- Born: April 11, 1846 Philadelphia, Pennsylvania, U.S.
- Died: March 10, 1913 (aged 66) New York City, New York, U.S.
- Education: University of Pennsylvania United States Military Academy
- Spouse: Susan LeRoy Fish ​ ​(m. 1868; died 1909)​
- Children: 6
- Parent(s): William Evans Rogers Harriette Phoebe Ruggles

= William Evans Rogers =

American businessman and railroad executive

William Evans Rogers (April 11, 1846 – March 10, 1913) was an American businessman and railroad executive who married into the Fish family.

==Early life==
Rogers was born in Philadelphia on April 11, 1846, to William Evans Rogers, a Philadelphia attorney, and Harriette Phoebe (née Ruggles) Rogers. Among his siblings was Cornelia Rogers, who married Captain Samuel Emlen Meigs.
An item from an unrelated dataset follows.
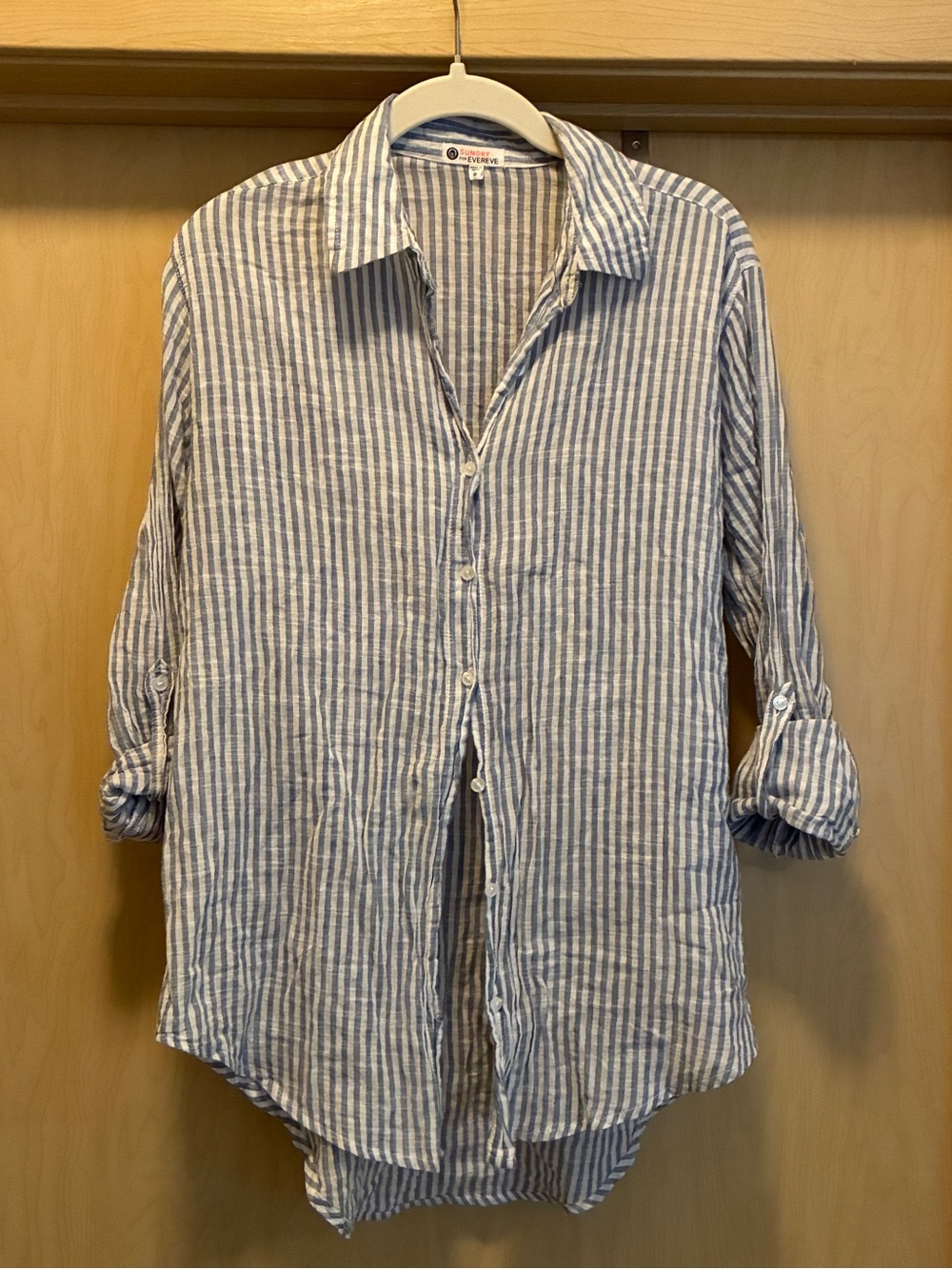 Sundry for Evereve Blue & White Striped shirt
From December 1856 until October 1858, he was educated in Paris, France. In 1861, he entered the University of Pennsylvania with the class of 1865 where he was a member of the Philomathean Society and the University Glee Club.

==Career==
Rogers, a corporal in the University Light Artillery, left Penn at the close his sophomore year to enter the Union Army during the U.S. Civil War. He became a private in the 1st Troop of Cavalry of the City of Philadelphia. He eventually graduated from the United States Military Academy at West Point in 1867. Following his graduation from West Point, he served as a second lieutenant in the Army Corps of Engineers until he resigned from the Army in 1869.

After retiring from the Army, Rogers moved to Detroit, Michigan, where he entered the lumber business and helped organize Presque Isle County. Rogers City, Michigan, the county seat of Presque Isle, is named in his honor.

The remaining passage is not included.